091 - Ein Geist kehrt zurück
Selbsterhaltungstrieb oder das Schlafmittel?
Aber wie auch immer; es würde keinen Einfluß auf die Tatsache haben, daß Campas verloren war. Die Angst in ihm zerriß den Schlaf wie einen dünnen Faden.
Campas' Lider flatterten kurz, dann hoben sie sich. Er erwachte wie aus einer tiefen Ohnmacht und starrte den Mann an, der neben seinem Bett stand.
Der Mondschein war hell genug, um ihn jede Einzelheit des grausam verzerrten Gesichts erkennen zu lassen, und er wußte mit peinigender Deutlichkeit, daß er keinen Alptraum hatte.
Der Dieb war wieder da!
Vergangene Nacht hatte er Stan Vandell umgebracht, und nun…
Campas wollte schreien, doch aus seiner zugeschnürten, trockenen Kehle kam nur ein krächzender Laut, so schwach, daß er Ken Anderson nicht wecken konnte.

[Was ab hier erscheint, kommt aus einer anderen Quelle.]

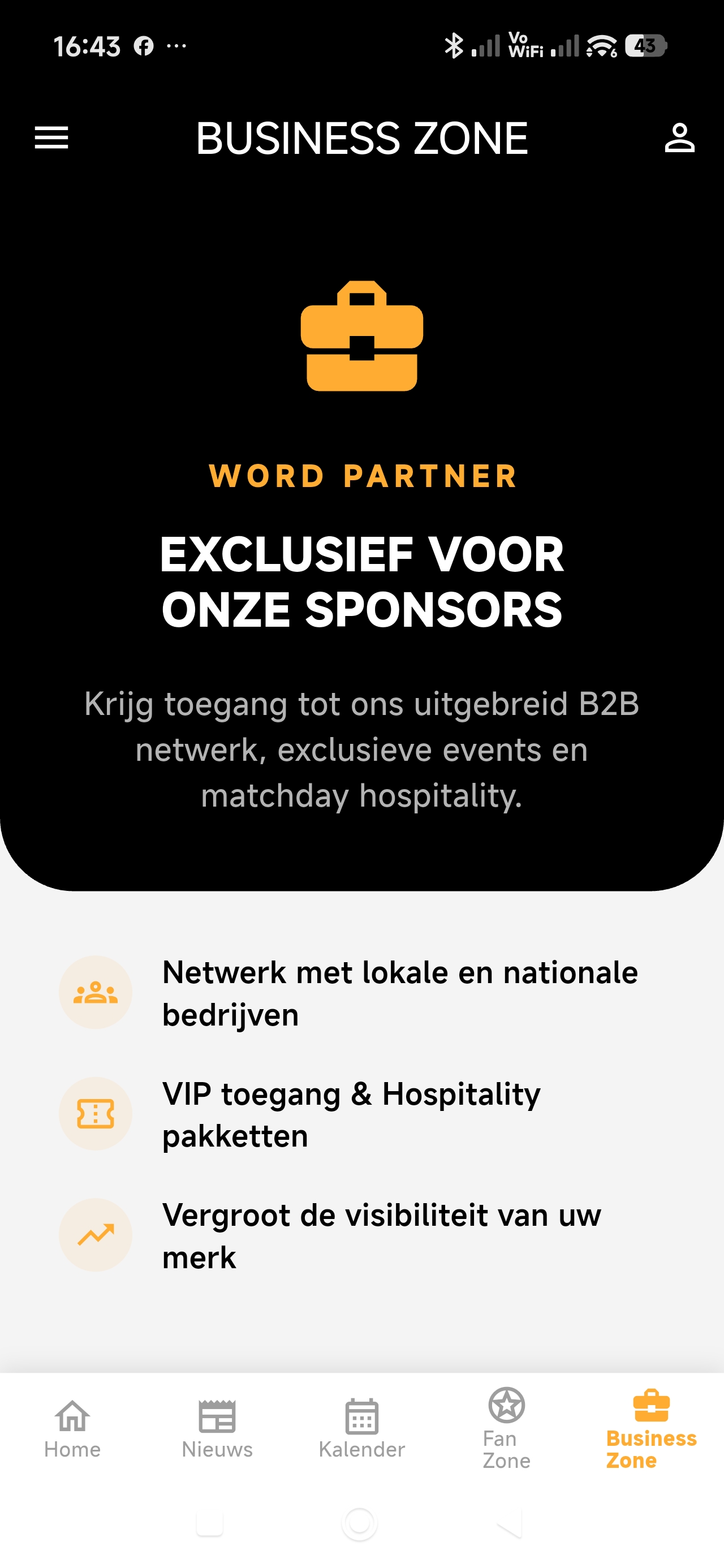 Business zone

Ich weiß, wer der Täter ist! dachte Campas verzweifelt. Aber ich kann es niemandem mehr sagen!
Er hatte sich so sehr gegen den Schlaf gewehrt, war von diesem aber dennoch übermannt worden. In diesen letzten Augenblicken vor seinem Ende begriff er jedoch, daß er auch verloren gewesen wäre, wenn er bis jetzt wach geblieben wäre.

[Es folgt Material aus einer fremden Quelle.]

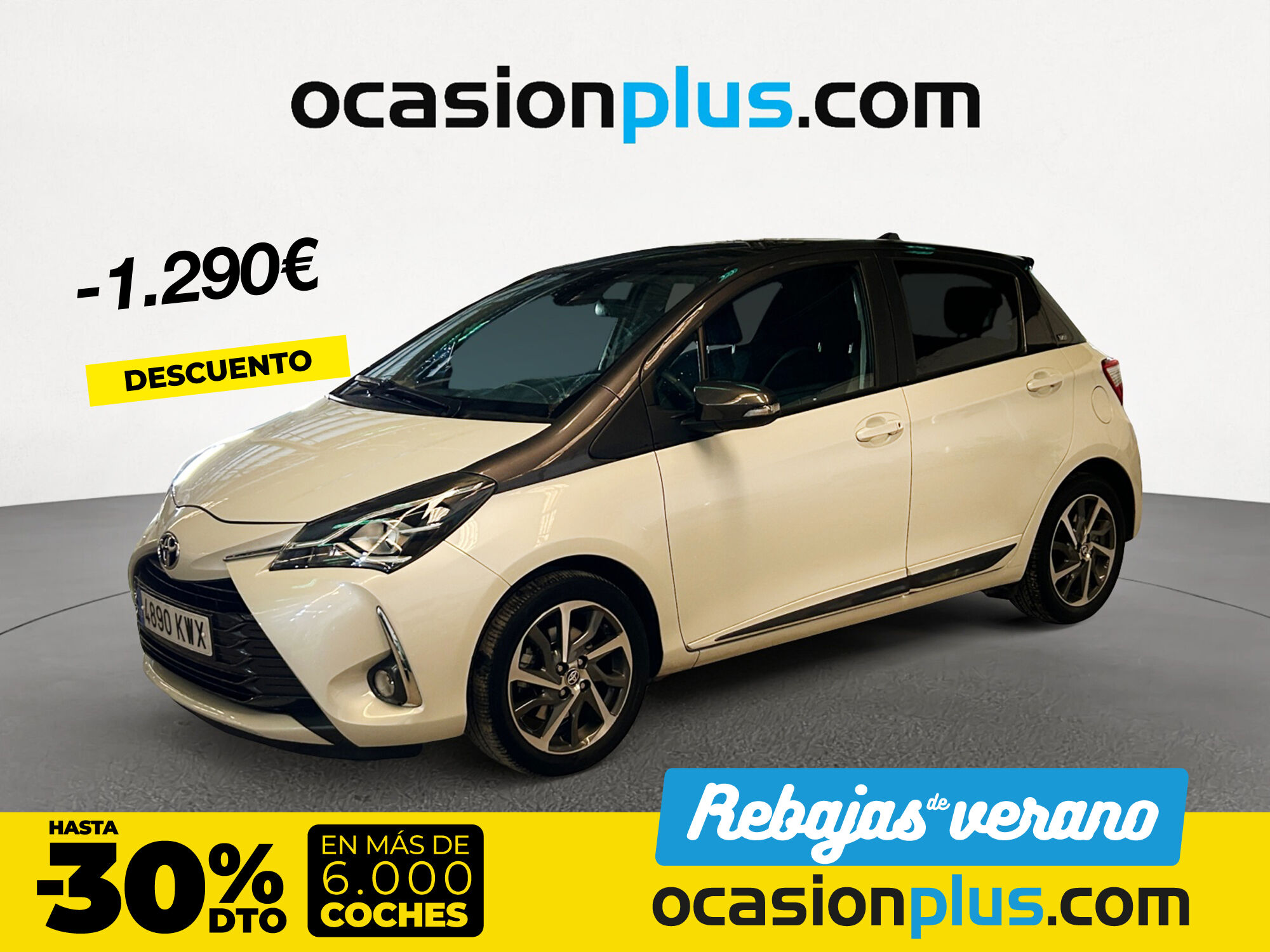 TOYOTA Yaris (1.5 Feel 20 Aniversario 82 kW (111 CV)) en Madrid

Er hätte die Klinik verlassen müssen, dann hätte er vielleicht noch eine Chance gehabt, mit dem Leben davonzukommen. So aber war er dem Unhold mit den strahlenden Händen rettungslos ausgeliefert.
Der Schreckliche streckte seine Höllenhände vor.

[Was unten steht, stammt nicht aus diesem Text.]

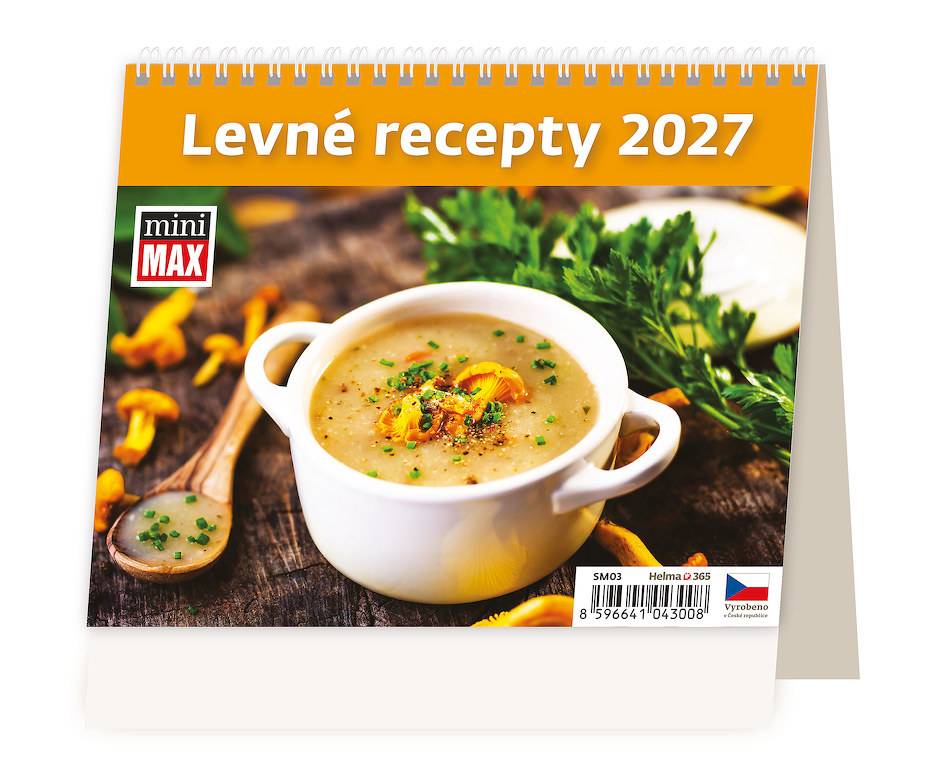 Kalendář Levné recepty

Campas zuckte zusammen. Er wußte, was passieren würde.
Ganz genau konnte er sich an Stan Vandells Ende erinnern. Jede Phase des grausamen Mordes war ihm noch bestens bekannt.
Ich will nicht sterben! schrie es in Campas. Ich will nicht… Und schon gar nicht auf diese schreckliche Weise. Himmel, hilf mir! Steh mir bei! Wende dieses entsetzliche Unheil von mir ab!
Das Strahlen wurde intensiver, und in diesem Schein erkannte Lane Campas die tödlichen Wolfszähne.
Er zitterte wie Espenlaub, wollte abwehrend die Hände heben, doch sie gehorchten ihm nicht. Die Todesangst lähmte ihn. Gleich würde der Schreckliche dem Wolfsgebiß befehlen, zuzubeißen, und niemand würde verhindern können, daß es geschah.
Da kam der Befehl.
Es hörte sich an wie das aggressive Zischen einer Schlange, und dann spürte Lane Campas einen wahnsinnigen Schmerz…
***
Campas' Tod wurde diesmal nicht vom Bettnachbarn bemerkt, denn Ken Anderson schlief bis zum Wecken durch. Schwester Sandra kam, um die Thermometer auszugeben.
Nachdem sie die Werte in die am Fußende jeden Bettes hängende Tabelle eingetragen hatte, würde sie nach Hause gehen. Jedenfalls hatte sie das vor, bevor sie das Krankenzimmer betrat, das mit Campas und Anderson belegt war.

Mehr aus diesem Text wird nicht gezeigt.